Inquiétudes en Suède et Finlande à cause du nucléaire

Dans une moindre mesure, les prévisions du Réseau européen des gestionnaires de réseau de transport d’électricité pointent des risques en Suède et Finlande. Sur son site, l’agence suédoise de l’énergie explique que la situation est liée à une détérioration de l’approvisionnement ces dernières années, la demande mondiale de gaz naturel dépasse l’offre. La fin des importations européennes de gaz russe a également entraîné une hausse des prix. En septembre dernier, l’annonce de l’arrêt opérationnel prolongé de la centrale nucléaire Ringhals 4 a encore aggravé la situation de l’approvisionnement en électricité. L’agence suédoise prévient que des coupures d’électricité dans des zones spécifiques peuvent avoir lieu en cas de pénurie.

Coincée entre la Russie, dont elle n’importe plus d’électricité et la Suède, qui se trouve dans une situation délicate, la Finlande reconnaît que l’hiver s’annonce compliqué. Dans un communiqué publié ce 1er décembre, l’agence de l’énergie finlandaise «estime qu’une pénurie d’électricité à court terme est possible à l’hiver 2022-2023, mais considère que la probabilité d’une pénurie prolongée d’électricité est faible». Mais, devant leur dépendance aux importations de ses deux voisins et la «grande incertitude» liée à la mise en service de l’EPR Olkiluoto 3, plusieurs fois reportée et désormais prévue pour janvier 2023, les autorités encouragent les Finlandais à éviter «toute consommation d’électricité inutile, en particulier pendant les heures de pointe».

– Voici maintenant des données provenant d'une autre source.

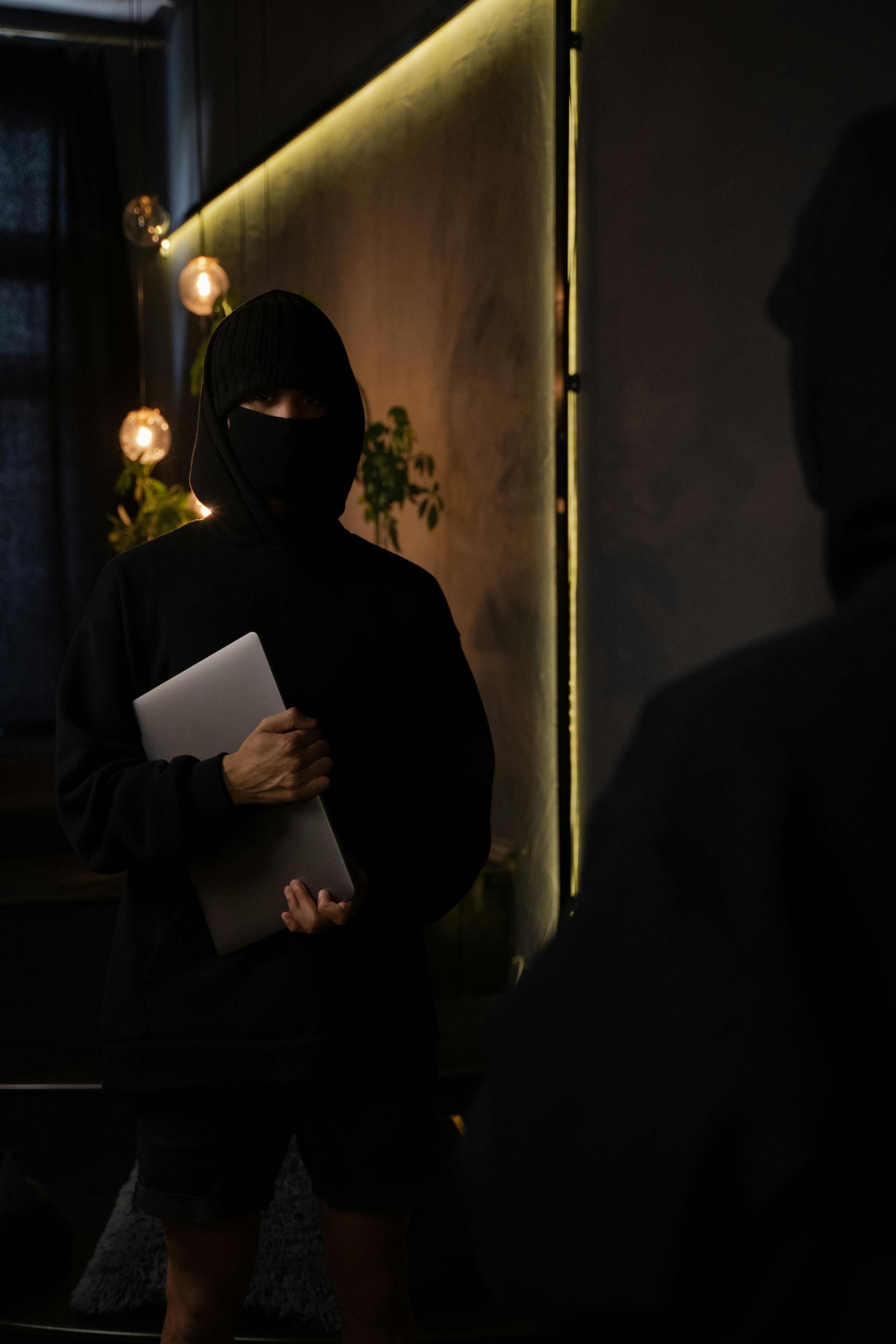 A man in a mask is holding a laptop in a dark room.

Concernant les inquiétudes citées pour Chypre, le Réseau européen des gestionnaires de réseau de transport d’électricité explique qu’«il est peu probable que Chypre connaisse des problèmes» cet hiver, mais qu’en raison de son isolement, des problèmes de disponibilité électrique pourraient avoir lieu en cas de pannes non planifiées et de conditions météorologiques défavorables.

Des coupures de trois heures au Royaume-Uni dans le pire scénario

Ne faisant pas partie du Réseau européen des gestionnaires de réseau de transport d’électricité, la Royaume-Uni est absente de l’évaluation continentale. Cependant, National Grid, le gestionnaire britannique du réseau d’électricité et de gaz du pays produit son propre rapport prédictif pour la période allant d’octobre 2022 à mars 2023. Confirmant que l’île devrait faire face à une saison difficile, l’agence estime dans son «scénario de base» qu’il devrait «y avoir des marges suffisantes» cet hiver pour garantir que le pays «reste dans la norme de fiabilité».

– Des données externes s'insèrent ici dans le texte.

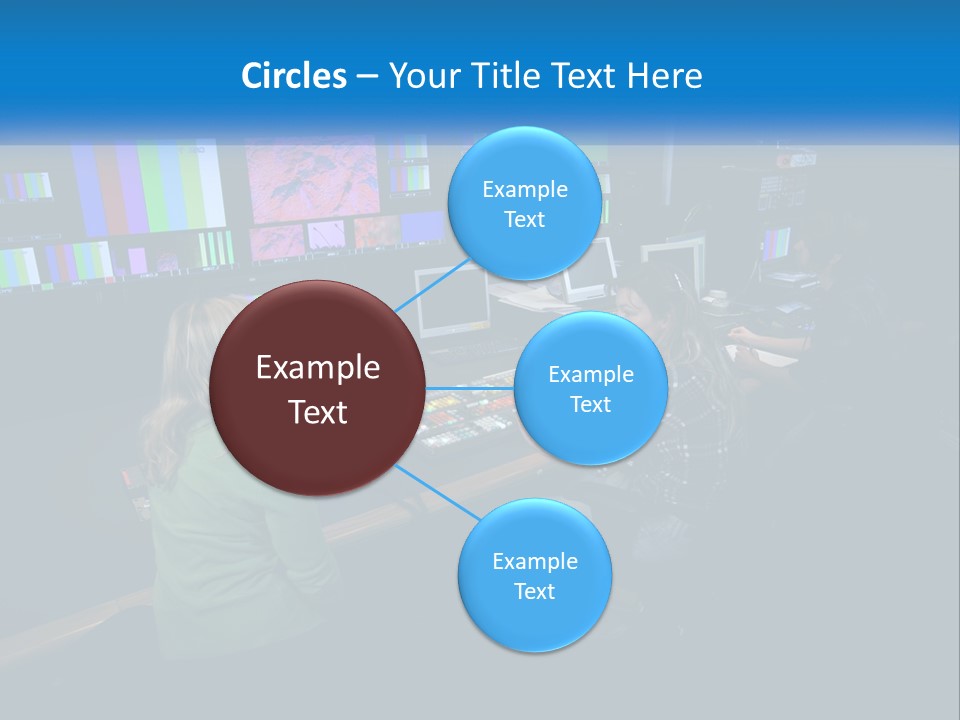 A Group Of People Sitting At A Desk With Computers PowerPoint Template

Les Britanniques imaginent également «un scénario du pire», dans lequel ils ne pourraient pas importer suffisamment de gaz et de l’électricité. Dans ce cas alors, des coupures d’électricité pourraient avoir lieu «probablement entre 16 et 19 heures le soir, les jours de semaine où il fait vraiment, vraiment froid en janvier et février», avait fait savoir John Pettigrew, le patron du National Grid, mi-octobre, lors d’une conférence organisée par le Financial Times.